On Thu, Sep 15, 2022 at 10:12 AM Corentin via SG16 <sg16@lists.isocpp.org> wrote:

On Thu, Sep 15, 2022 at 5:59 PM Tom Honermann <tom@honermann.net> wrote:

Thank you for looking into this, Corentin. It would be great to have some kind of principled approach to how estimated widths are assigned.

I don't think this should be handled as an LWG issue though. This is a design change, so should go through LEWG (and probably SG16 as well).

I think it would be helpful to have a paper that includes screenshots (of select characters, not all 8500+ characters!) to demonstrate how common terminals display them today. The goal being to ensure that they are handled consistently across platforms before we standardize them.

A paper would also present the opportunity to attribute an estimated width of 0 (or a negative width!) to some characters. Perhaps it is worth asking whether an estimated width of 1 really makes sense for CR, LF, NL, VT, etc... It looks like these changes still don't cover edge cases like ﷽ (U+FDFD ARABIC LIGATURE BISMILLAH AR-RAHMAN AR-RAHEEM).

I'm not trying to change the design, nor am I trying to make case-by case decisions, the original paper covered that.
I think these are questions worth asking, sure, at least for control characters as, for an arbitrary non-cjk, non-emoji neither an information nor a specification exist.
Note that however it's not straightforward
* There is no spec so it's handled manually https://github.com/termux/wcwidth/blob/master/wcwidth.c#L497
* C1 control characters may be mapped differently on EBCDIC platforms
* Combining characters not preceded by a grapheme starter are in fact rendered
* We already ignore non leading codepoints in graphemes
* Negative width would be novel

I do not intend to explore these further but I'd be happy to review such work :)
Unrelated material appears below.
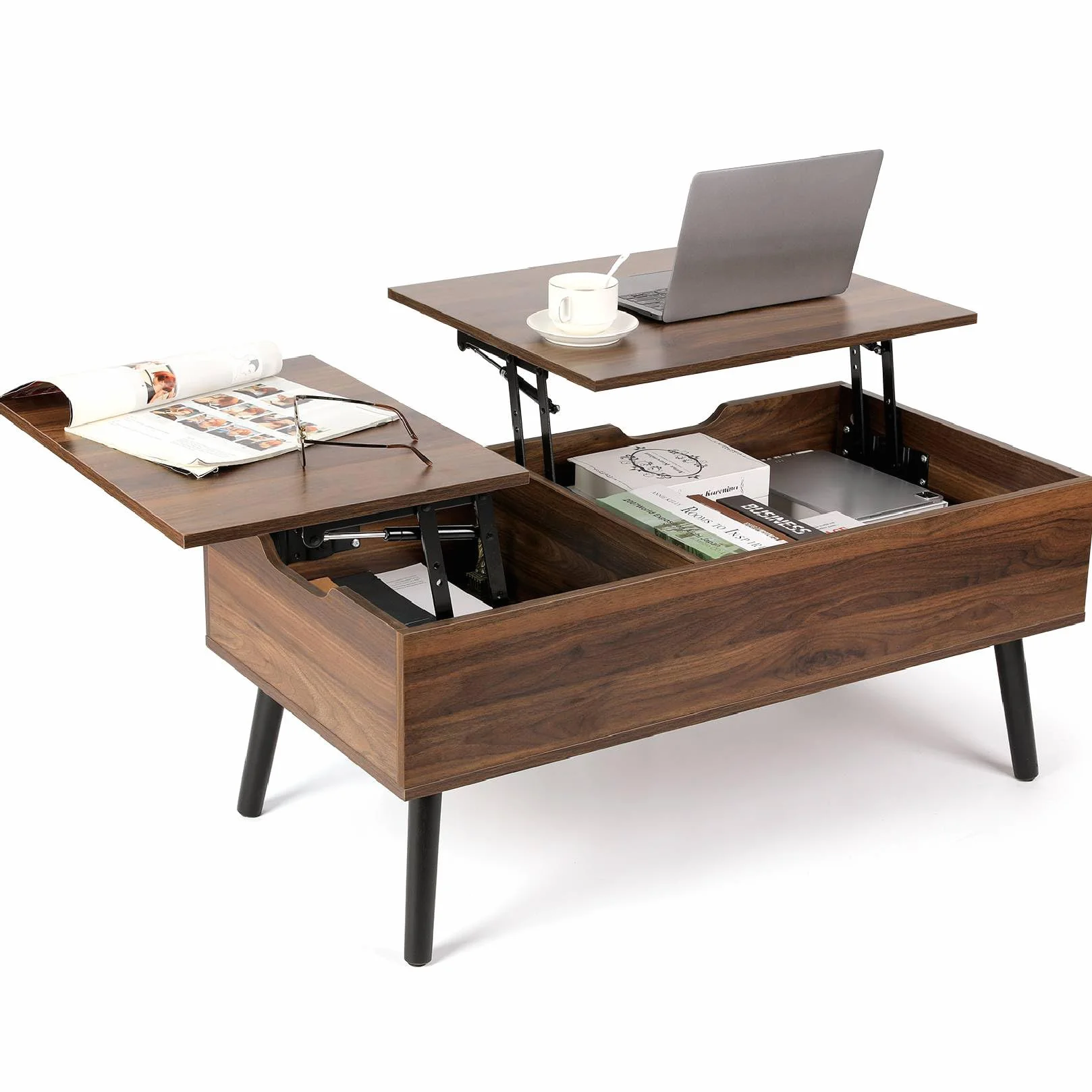 VOWNER Mesa de Centro, Mesa de Centro Regulable en Altura, Extraíble, Extensible, Compartimento de Almacenaje Oculto Independiente, Tablero Elevable Doble, Mesa de Sofá de Salón, Nogal Color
However, the original paper intended for CJK characters and emojis to be covered, Unicode 14 and 15 added a number of such characters, I considered this a bug.
But mostly, I consider specifying anything Unicode related in terms of partially-assigned ranges to be a bug reminiscent of the identifiers of old.

Now, I expect SG16 will deal with this issue, but all the information is in the issue.
The only design-ish question is whether we want to grandfather U+3248 CIRCLED NUMBER TEN ON BLACK SQUARE..U+324F CIRCLED NUMBER EIGHTY ON BLACK SQUARE
for backward compat reasons.

Codepoints which would go from 1 to 2
https://gist.github.com/cor3ntin/e5731f77574b146d806e39283e8c7cb7
Screenshot of my terminal

Tom.

On 9/15/22 5:02 AM, Corentin via SG16 wrote:

Affected clause [format.string.std]

Issue:

For the purpose of width estimation, format considers ranges of codepoints initially derived from an implementation of wcwidth with modifications.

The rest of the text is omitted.